Dalam pengamatan sebagai orang yang mengecap pendidikan dasar hingga universitas di Indonesia, saya melihat bahwa sistem pendidikan di Indonesia belum mampu memfasilitasi adanya murid-murid istimewa. Tidak sedikit saya menemukan murid-murid jenius yang tidak layak mendapat pengajaran yang sama dengan kebanyakan murid. Materi yang mungkin membutuhkan waktu sebulan bagi murid lain, dapat dikuasai oleh murid-murid jenius ini dalam beberapa hari saja. Namun karena pembatasan oleh sistem, mereka hanya bisa terkungkung dan menjalani pembelajaran yang normal-normal saja.

Memang, belakangan mulai santer terdengar adanya kelas-kelas akselerasi, meski masih terbatas di sekolah-sekolah tertentu saja. Akan tetapi, berdasarkan pengakuan beberapa orang yang berkecimpung di dunia pendidikan, implementasi kelas aksel tersebut masih jauh dari sempurna. Murid-murid di kelas aksel terlalu dilatih otak kirinya saja, namun tidak diseimbangkan dengan bimbingan mental yang baik. Akhirnya mereka malah menjadi depresi, mungkin karena materinya yang malah terlalu padat dan pengajarnya tidak mampu menyesuaikan diri, juga karena pandangan dari sekitar yang terlalu memberatkan harapan pada diri mereka.

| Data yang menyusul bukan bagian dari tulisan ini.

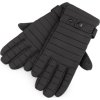 Pánské prošívané rukavice (Balení 1 pár, Varianta 6 (2XL) černá)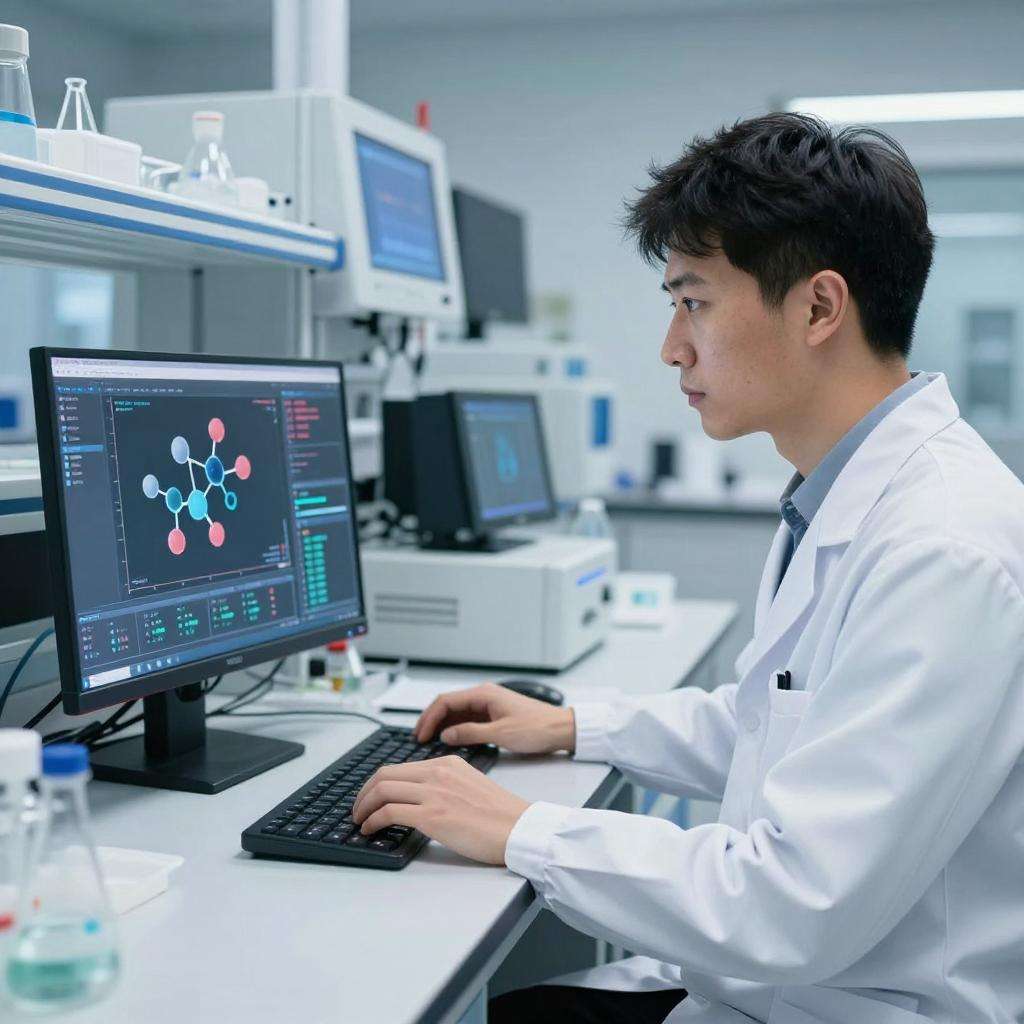 阿里云与正大天晴合作制药,筛选准确率可提高20% 阿里云与正大天晴合作制药,筛选准确率可提高20%第一张图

Jika ditilik lebih jauh, masalah ini berakar di budaya Indonesia yang kerap kali menganut ‘SAMA RASA SAMA RATA’. Tidak jarang kita melihat perwujudan dari nilai ini dalam kehidupan sehari-hari. Padahal, jika kita memahami esensi dari keadilan, adil tidaklah identik dengan sama rata. Paradigma yang salah ini membimbing masyarakat untuk tidak memberikan tempat bagi orang-orang yang ‘lebih’ dibanding dirinya. Semua ya harus menjalani hal yang sama, mendapatkan hal yang sama, dan berakhir sama pula.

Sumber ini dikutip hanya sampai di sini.